Essa história é um típico exemplo de erro na pergunta que acaba por conduzir a ausência de resposta. Não vou dizer qual o erro, é claro! Divirta-se!

Mas ela me faz pensar nas várias “perguntas filosóficas clássicas” que permanecem sem resposta. Será que elas não padecem do mesmo erro?

Por exemplo, aquela santíssima trindade: “o que somos, de onde viemos e para onde vamos?” (nas suas mais variadas proposições). Fora milhões de outros temas. Não preciso aqui perder tempo dando exemplos quando você mesmo (ou mesma, para entrar no clima dessa forçada igualdade de gênero na linguagem) sabe.

Uma imagem muito boa para isso é a da vibração de uma corda. O movimento (harmônico) que ela exibe se tocada não vem do toque, mas de propriedades inerentes à corda. Será que ficamos procurando pelo dedo que toca a corda, ao invés de descobrir quais são as propriedades dela?
Será que durante mais de 3 séculos buscamos em vão respostas para as perguntas que de fato não tem resposta?
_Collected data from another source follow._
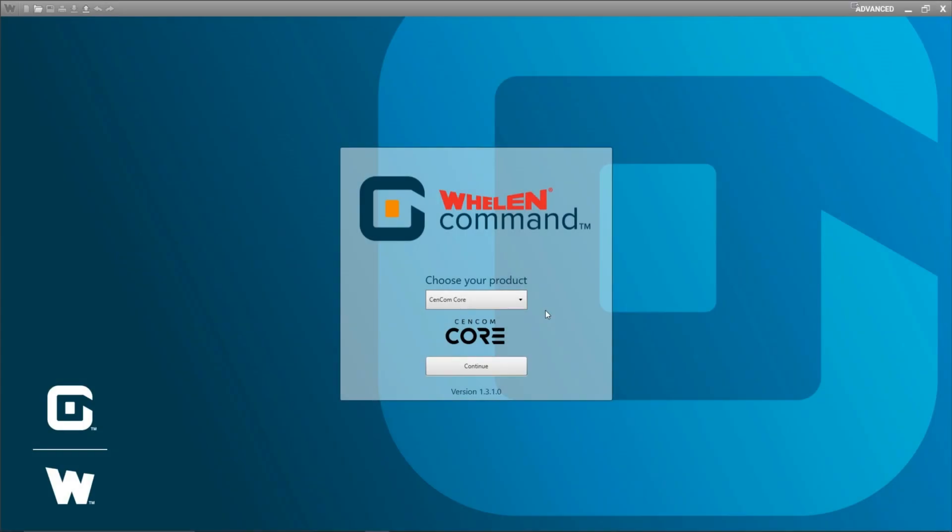Welcome back to Whelen Command Pro Tips. In this episode I'm going to talk about updating your firmware in CENCOM Core. CENCOM Core hardware and WCX peripherals have the ability to have their firmware updated using the Whelen Command software.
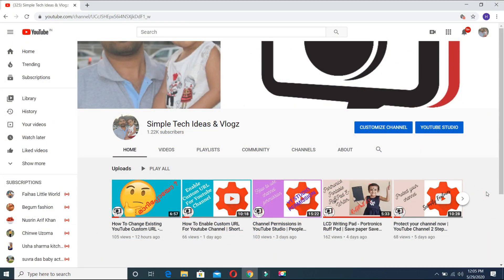Welcome to SimpleTag Ideas! Hi friends! We are going to learn more about these videos. That's why we uploaded videos on our YouTube channel.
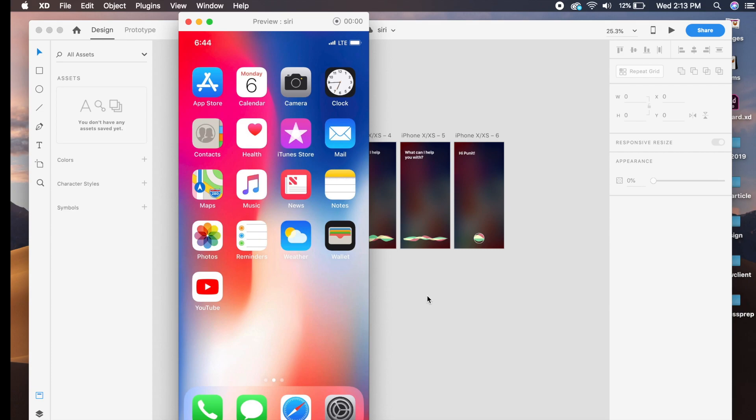Welcome back to another design tutorial in Design Weekly. Today we're going to be replicating Siri in Adobe XD — everything from voice commands to speech playback — to replicate Siri in iOS.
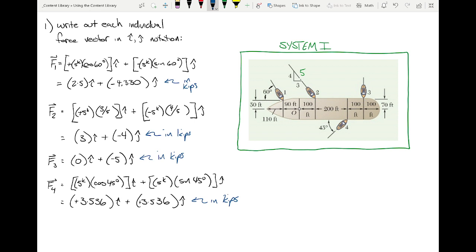Is everybody okay with expressing force vectors in component form — whether defined by angles, slope ratios, or by inspection like force three? In 3D we'd write a distance vector, convert to a unit vector, and multiply by magnitude, but by and large the process is similar.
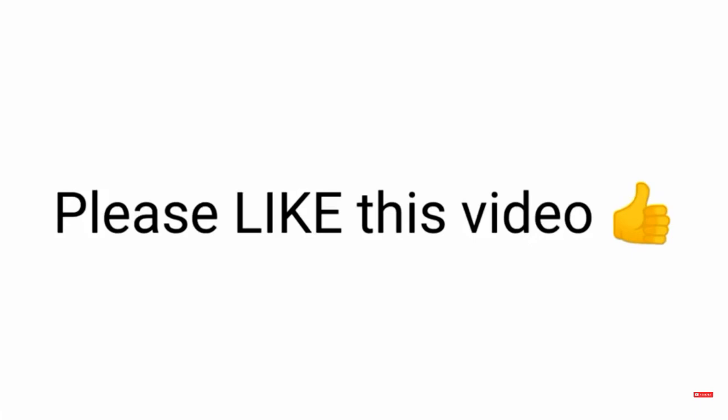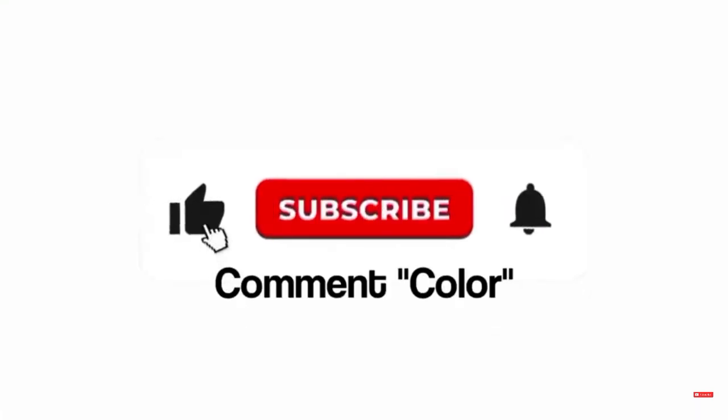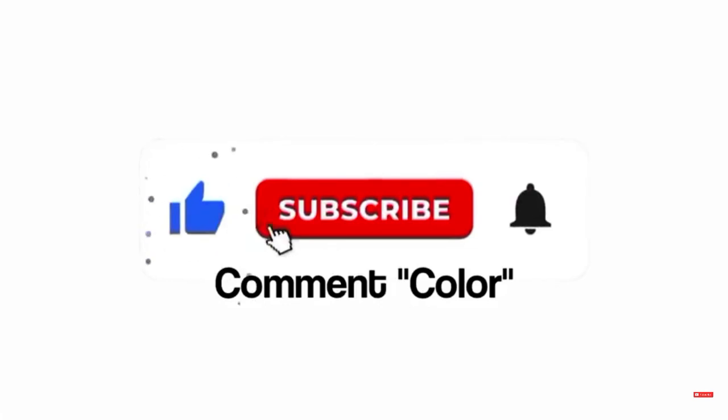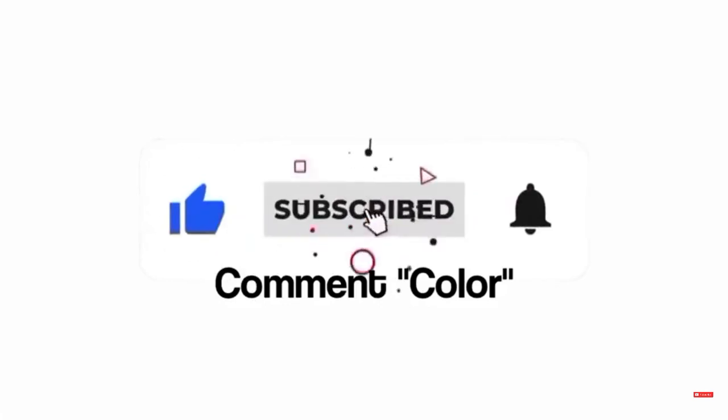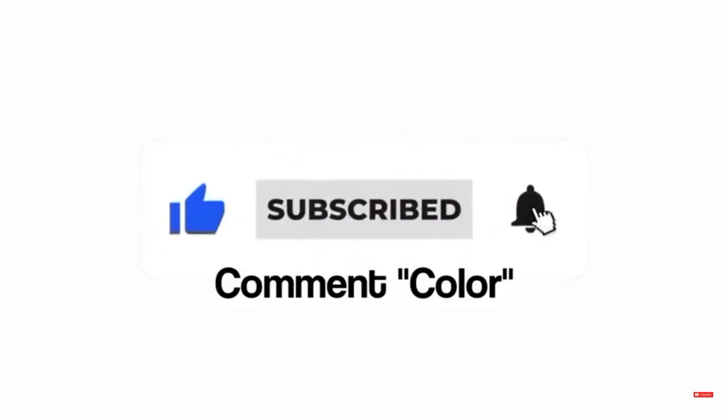But first, please like this video, subscribe my channel and comment color. Thank you.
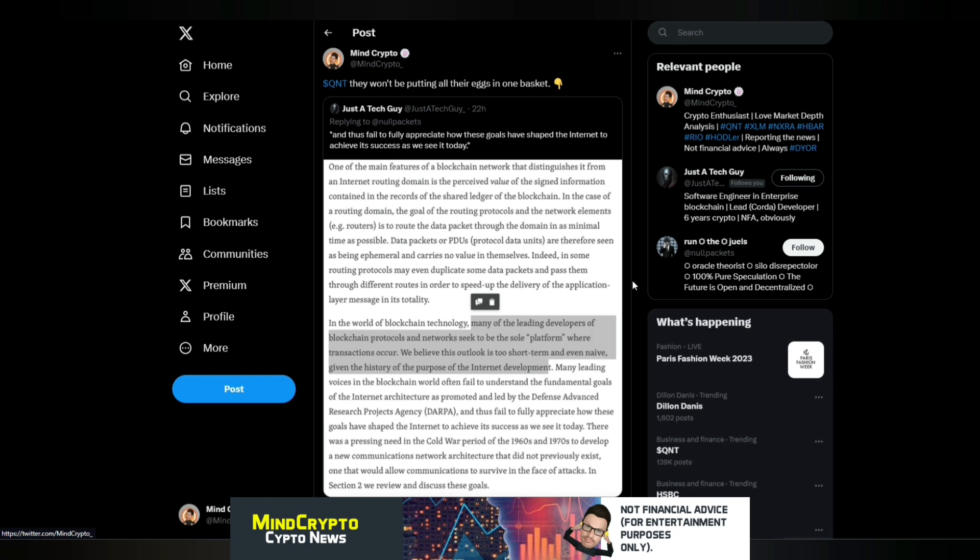So we see here the quote: In the world of blockchain technology, many of the leading developers of blockchain protocols, I wonder who that is, and networks seek to be the sole platform where transactions occur. We believe this outlook is too short-term and even naive given the history of the purpose of the internet development. Now, they couldn't have said it even more plain. What people need to know is, again, they're not going to pick one.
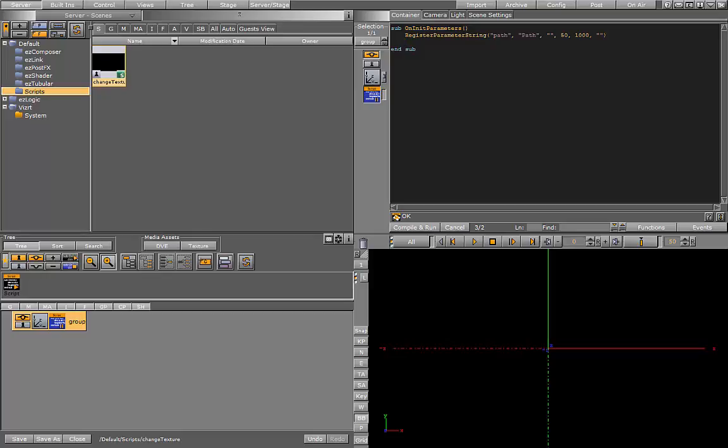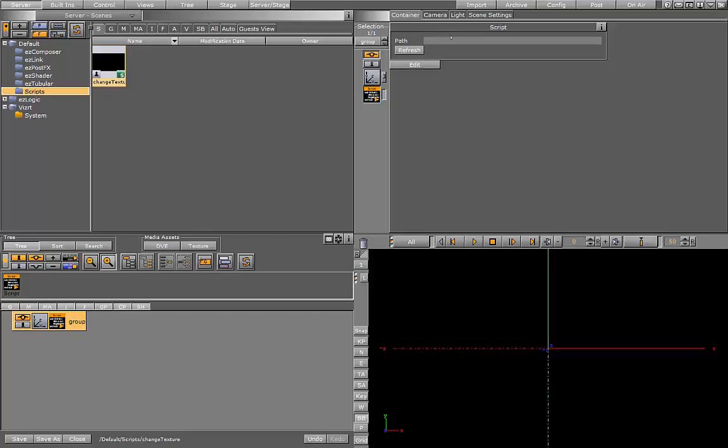The next parameter we want to register is a button to refresh the image. So register push button - this receives three inputs: the name, the label that appears in the GUI, and an ID. Let's just compile the script. You can see we now have these two parameters in our script.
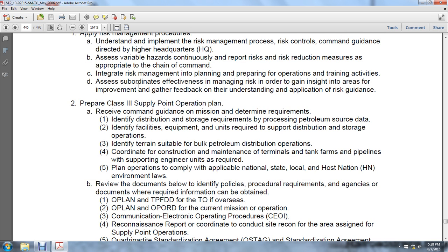Coordinate with construction, maintenance, terminals, tankers, farms, power plants, and supporting engineer units as required. Plan operations to comply with applicable national, state, local, and host nation environmental laws. Review the documentation below: identify the policies, procedures, requirements, agencies, and documentation where required information can be obtained.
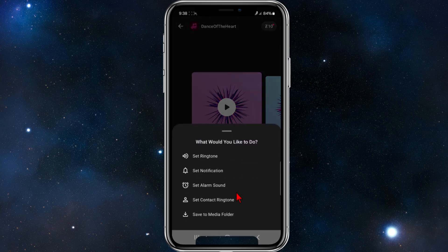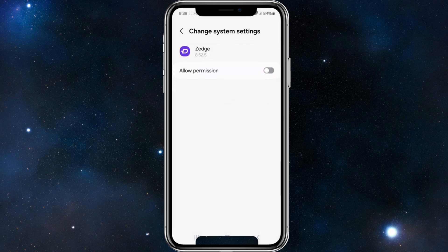What you want to do from here is click on the download button, then click on 'Set Ringtone.' Once you do that, the ringtone will be set to your device. I'll go ahead and click on 'Set Ringtone.' You need to allow permissions, so toggle that to on.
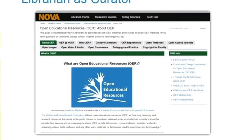Librarian as curator. The easiest way for me to collect all of the different resources that I want to recommend to faculty is through a LibGuide, which is software that librarians use to create essentially a website. I have tabs there for repositories, open textbooks, journals, video, audio, images — pretty much everything.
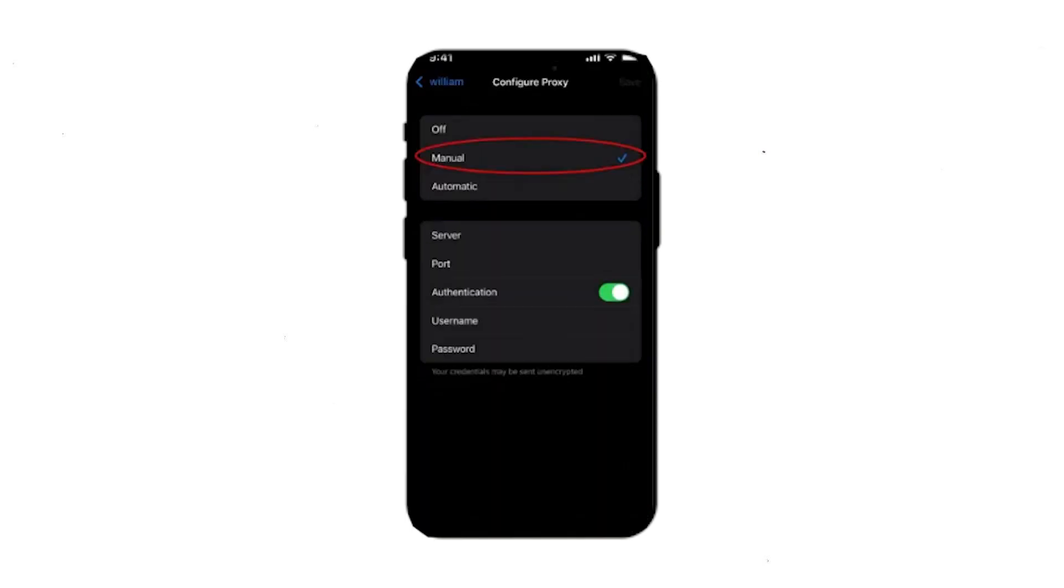Now you'll see the active fields for setting up a proxy. Enter the proxy's IP in the first field and the proxy port in the second field. If you are using a personal proxy, enable the Authentication option to access additional fields for entering your username and password.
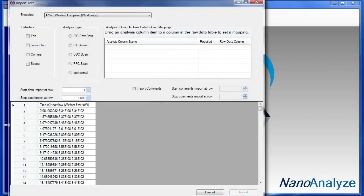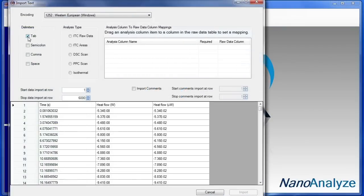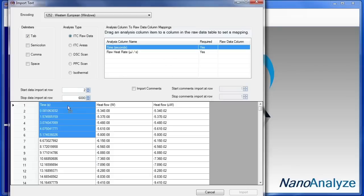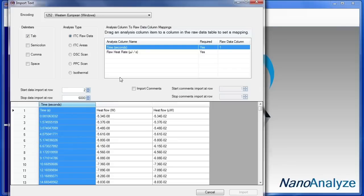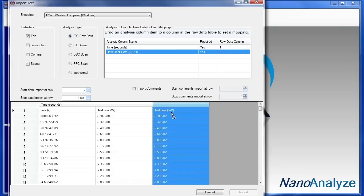From here, a wizard comes up. The delimiter was a tab. And we want to start the data import at row 2. It's ITC raw data. And this is our time from the TAM. And this is the raw heat rate from the TAM. And from here, choose Import.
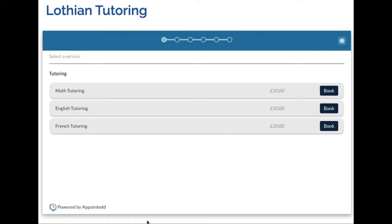Once you've set up your booking widget to allow customers to make more than one booking in a single transaction, this is a potential flow that they could see.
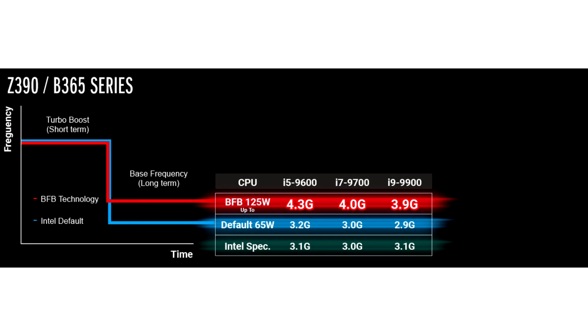Of course, all this comes with a higher power consumption and more heat, so the CPU cooler will decide the highest base clock value.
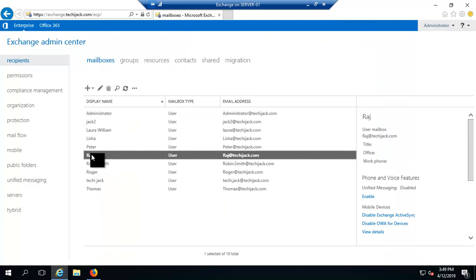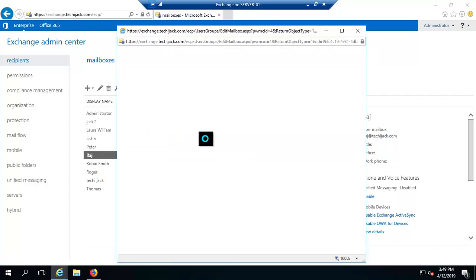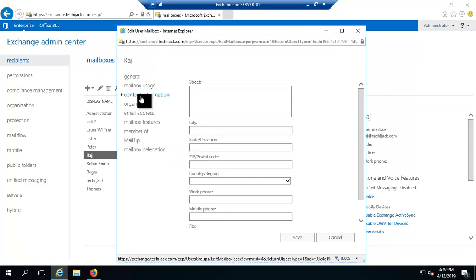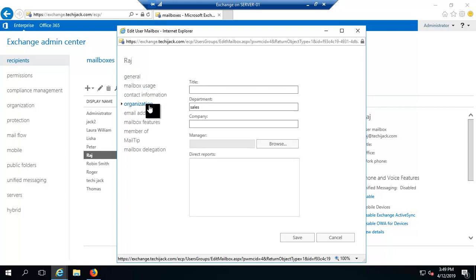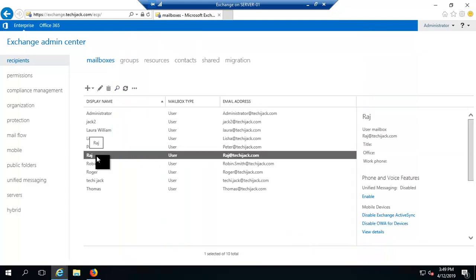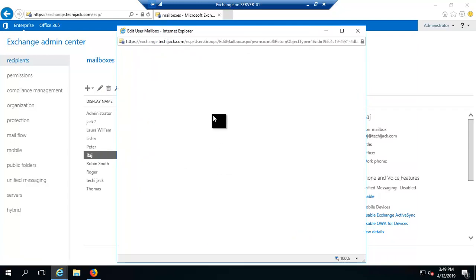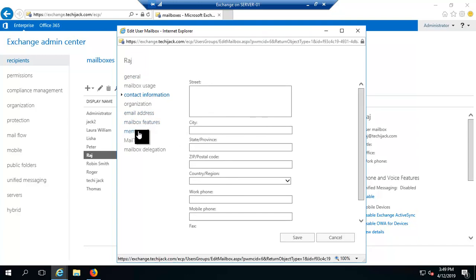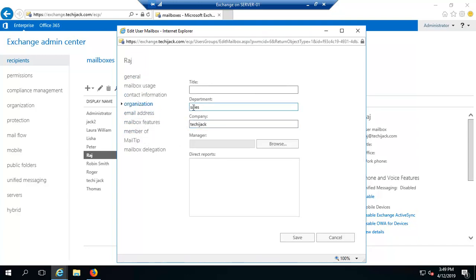Let's check Raj's properties. Under the organization tab, we'll set the company to 'Techie Jack' and click Save. Raj is already in the Sales department, and now the company is set to Techie Jack, so he meets all the dynamic distribution group conditions.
Mas só porque fizemos perguntas que contém em si a inexistência de resposta. E qual é a pergunta que nos permitirá chegar numa resposta? (já até abandonei o “pergunta certa” agora).

Para terminar numa perturbadora circularidade (ao menos para mim): será que questionar sobre as perguntas que nos fazemos é uma pergunta com resposta?